On attend généralement des illustrations d'un JdR qu'elles remplissent une fonction pratique. Elles doivent servir de référence visuelle à l'ensemble des joueurs en donnant des images précises des décors traversés et des créatures rencontrées. A ce titre, les très nombreux dessins de Scrap Princess qui ornent les quelques 400 pages de Veins of the Earth ne peuvent donc que nous déstabiliser.

Les traits sont imprécis, gribouillants, vivants. Les couleurs débordent. Les marques de feutres et de stylo restent visibles. La qualité artistique de l'ouvrage témoigne certes d'une grande maîtrise formelle mais les techniques utilisées semblent être issues de dessins d'enfants. On pourra ou non accrocher à ce style -je le trouve magnifique- mais on devra tous s'accorder sur son imprécision qui peut rebuter au premier feuilletage du livre.


Un elfe né de vos cauchemars


Histoire d'ajouter à notre trouble les textes de Patrick Stuart sont parfois flous. Au lieu s'attarder sur les détails de son cadre de campagne souterrain, l'auteur préfère nous parler de sa peur enfantine des profondeurs et de ce que les caves représentent pour lui : l’inquiétante aspérité de leurs murs, leur géométrie tordue qui fait craindre de se perdre, la désespérante absence de lumière naturelle... Veins of the Earth foisonne d'idées mais, à de très rares exceptions près (le lecteur découvrira notamment 12 façons différentes de mettre en jeu l'obscurité), elles sont peu décrites. A charge pour le meneur d'improviser en feuilletant l'ouvrage, et en utilisant ses tables aléatoires, à la recherche d'une créature inspirante, d'un peuple inquiétant ou d'un objet magique étrange.
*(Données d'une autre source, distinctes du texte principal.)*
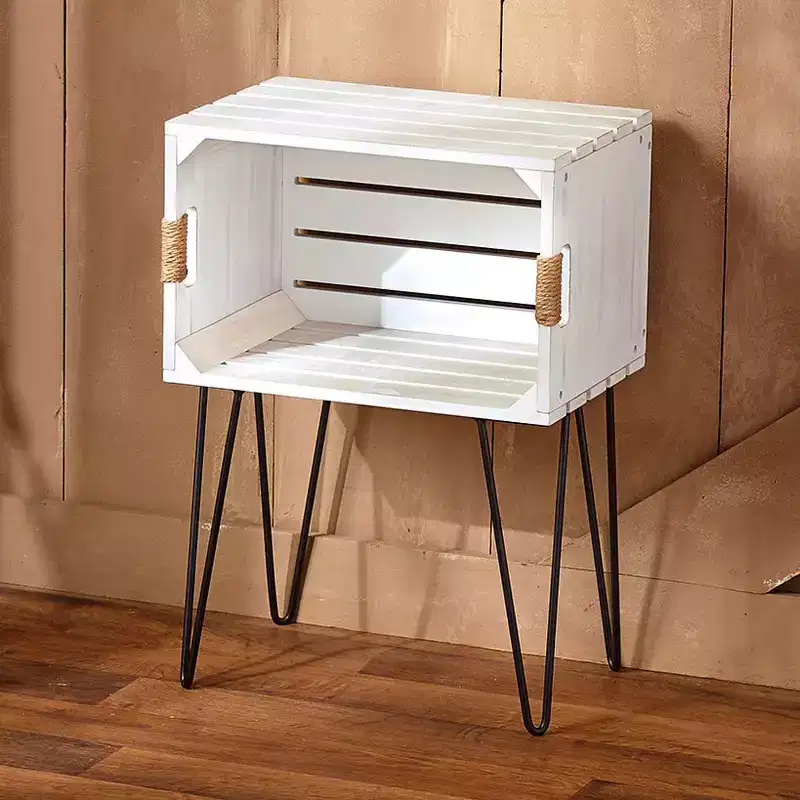 Rustic Crate End Table, Hairpin Legs, Jute-Wrapped Handles, Open Shelf, MDF, 15.75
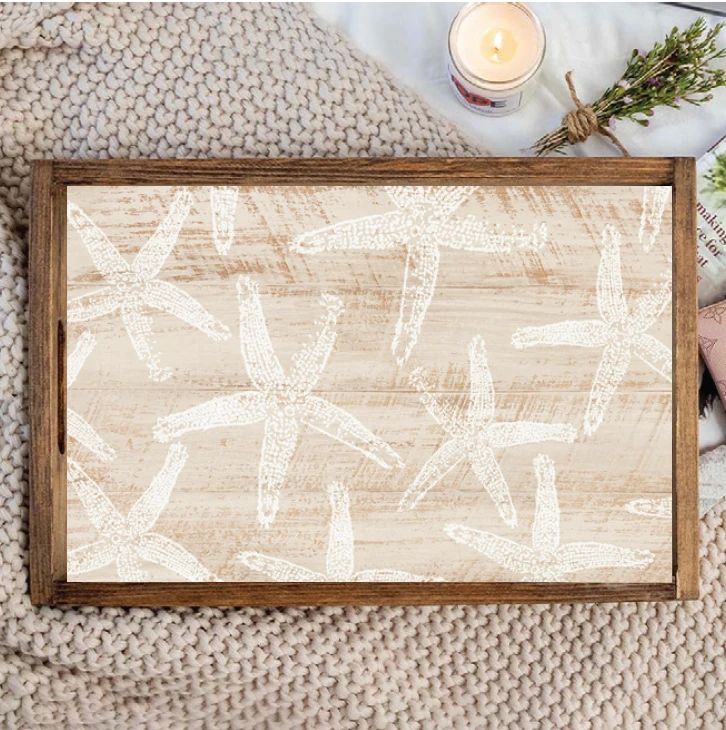 Rustic Marlin Neutral Starfish Wooden Serving Tray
A l'usage on se rend compte que l'univers repose sur quelques idées fortes qui font émerger une cohérence esthétique de ces descriptions foutraques. L'auteur défend d'ailleurs son approche au détour d'un paragraphe sur la gestion des ténèbres en mettant en avant l'intention du meneur de jeu. L'important n'est pas de se souvenir de tous les détails concernant les éléments que l'on fait apparaître dans la partie, ce qui compte c'est de se souvenir de l'intention initiale. Dans le cas des ténèbres on ne se focalisera pas sur toutes leurs particularités mais sur une seule : ils sont l'ennemi des personnages joueurs et il importe des les jouer comme des adversaires agressifs. On pense ici aux agendas du meneur d'Apocalypse World, quelques principes simples qui viennent cadrer un style de jeu avec beaucoup plus d'efficacité que des descriptions pléthoriques et visant l'exhaustivité.

Veins of the Earth se présente comme un supplément pour Lamentations of the Flame Princess mais il est en réalité compatible avec la quasi-totalité des dérivés de la première édition de Donjons et Dragons (il s'inscrit dans le mouvement Old School Renaissance dont nous avons déjà un peu parlé ici). Ses mécaniques de jeu, simples, ne sont centrées que sur la physique de l'univers. Pour le dire plus simplement les actions ont des conséquences et l'univers réagit aux actes des PJs...souvent en leur faisant du mal. Cette dangerosité rend concret son univers souterrain qui est certes mystérieux, insaisissable, abstrait parfois, mais qui peut vous tuer.

Patrick Stuart se permet d'ajouter quelques sous-systèmes, suffisamment génériques pour être réutilisés dans d'autres jeux, dont des mécaniques permettant de générer facilement un réseau de caves et un système simplifiant avec élégance la gestion de la nourriture. Il modifie aussi les mécaniques de base du jeu pour donner une place prépondérante à la lumière qui fait à la fois office d'unité monétaire et qui sert à déterminer l'initiative : les porteurs des sources de lumière les plus éclairantes décident de l'ordre des actions ce qui vient considérablement transformer la dynamique des affrontements.


Une des nombreuses créatures des profondeurs



Veins of the Earth est une réussite totale, l'un des meilleurs témoignages actuels de la vivacité du mouvement Old School Renaissance. S'il est un peu difficile de rentrer dedans à la première lecture (d'autant que le niveau de langue est parfois soutenu), il révèle des propositions ludiques d'une grande richesse et s'avère finalement assez facile à exploiter autour de nos tables de jeu (pas besoin de lire ses 400 pages pour en tirer des éléments réutilisables).